Postby Hawk » Tue Jan 15, 2019 1:52 am

Uncle Jim is correct, it was long distance.
The Wilson's shot in National Target Tournaments sanctioned by National Archery Association which is now USA Archery.
They used the 120 cm (47"+) multi colored target with the 9"+ bullseye and the 80cm (31"+) target for 50 yards and under?
They shot a Double York Round & Double American Round in those days with ends of 6 arrows.
York Round
72 Arrows @ 100 Yards
48 Arrows @ 80 Yards
24 Arrows @ 60 Yards
American Round
30 Arrows @ 60 Yards
30 Arrows @ 50 Yards
30 Arrows @ 40 Yards
Shooting Double Rounds this was 288 total arrows in the York Rounds and 180 total arrows in the American.
In 1947, they had a record of 369 shooters, which slowly dropped as the National Field Archery Association and their style of tournaments took off after WWII.
An "unofficial" record was set in 47 when Jack Wilson placed 1st, Nephew Howard Wilson took 2nd.
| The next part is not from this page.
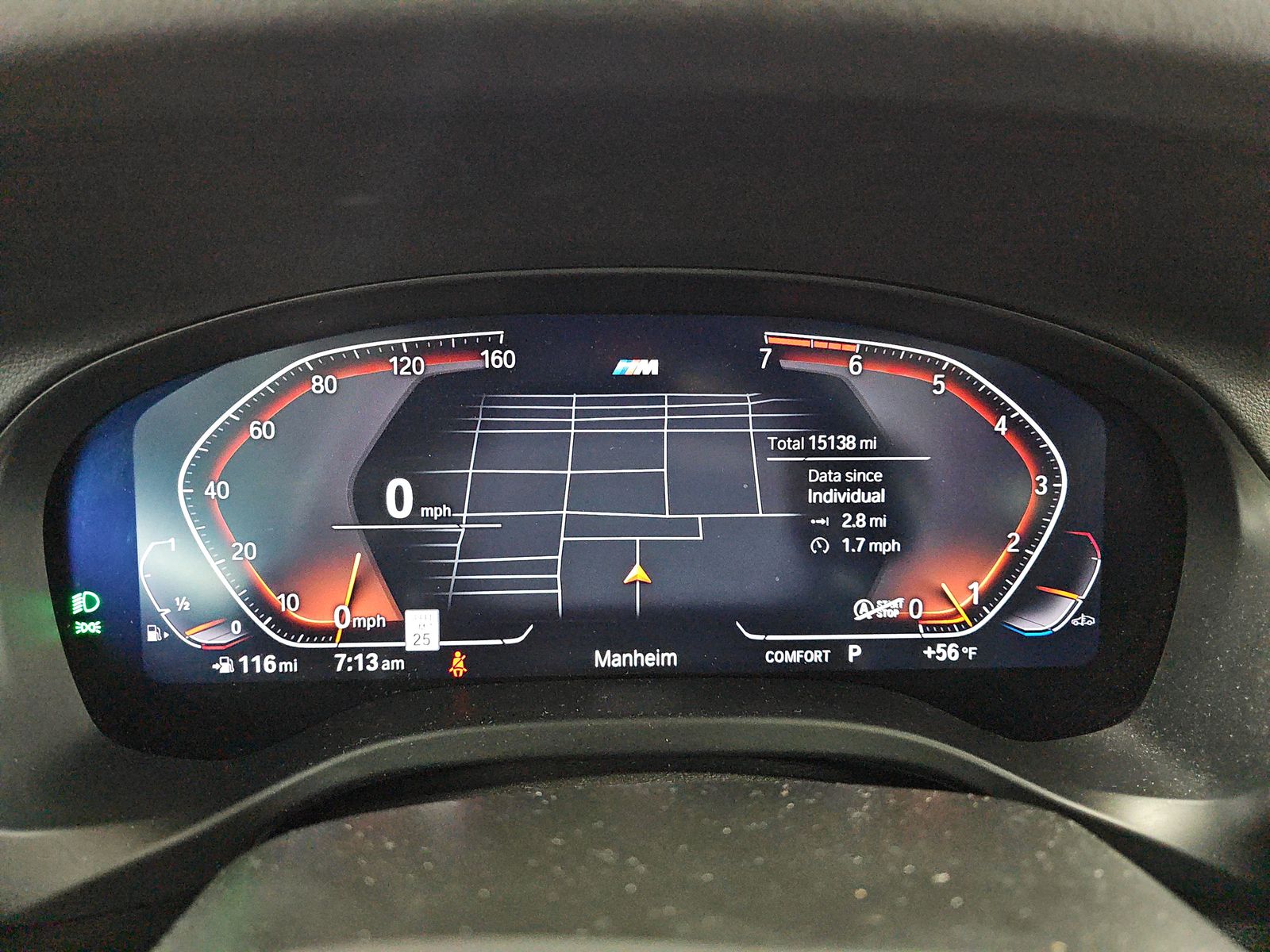 2023 BMW X3 xDrive30i AWD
Brother Robert Wilson took 9th, and Brother Norman took 12th.
Never before or since did 4 family members place in the top 12.
For personal reasons, the family dropped out of competition after 1948, returning in 1957, probably shooting their Black Widow Bows.
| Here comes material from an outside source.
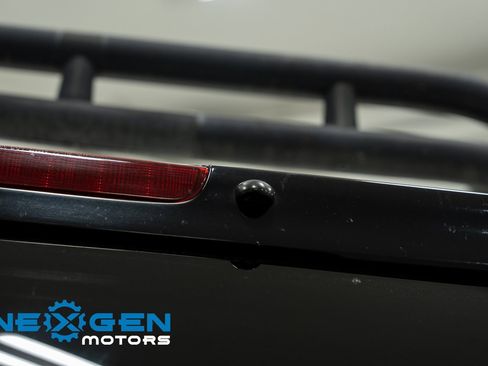 Used 2014 Toyota FJ Cruiser 4WD image 31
In 1958 at the Midwest Target Championship, the 3 brothers, Jack, Robert, Norman swept the top 3. Something never done before.
I assume this style of low anchor was used with a point of aim method for these longer distances.
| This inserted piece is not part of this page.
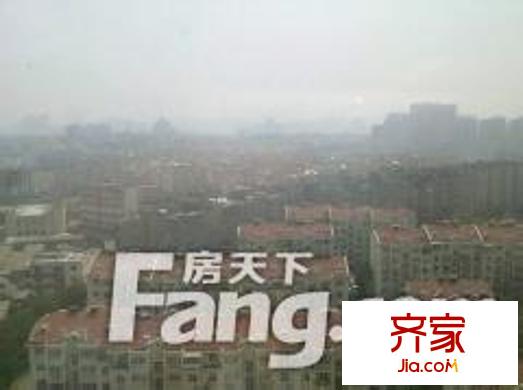 太平洋怡和公寓外景圖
Looking through the records, they placed in the top ten off and on through the next few years until this type of open tournaments became more regionalized with only the top % of shooters going to the national tournament.
Today, the Olympic games uses a scoring similar to this to establish ranking, but shoot in head to head shoot offs at a mere 70 meters or about 77 yards in the medal round.
Today it's done with all the bells and whistles as well.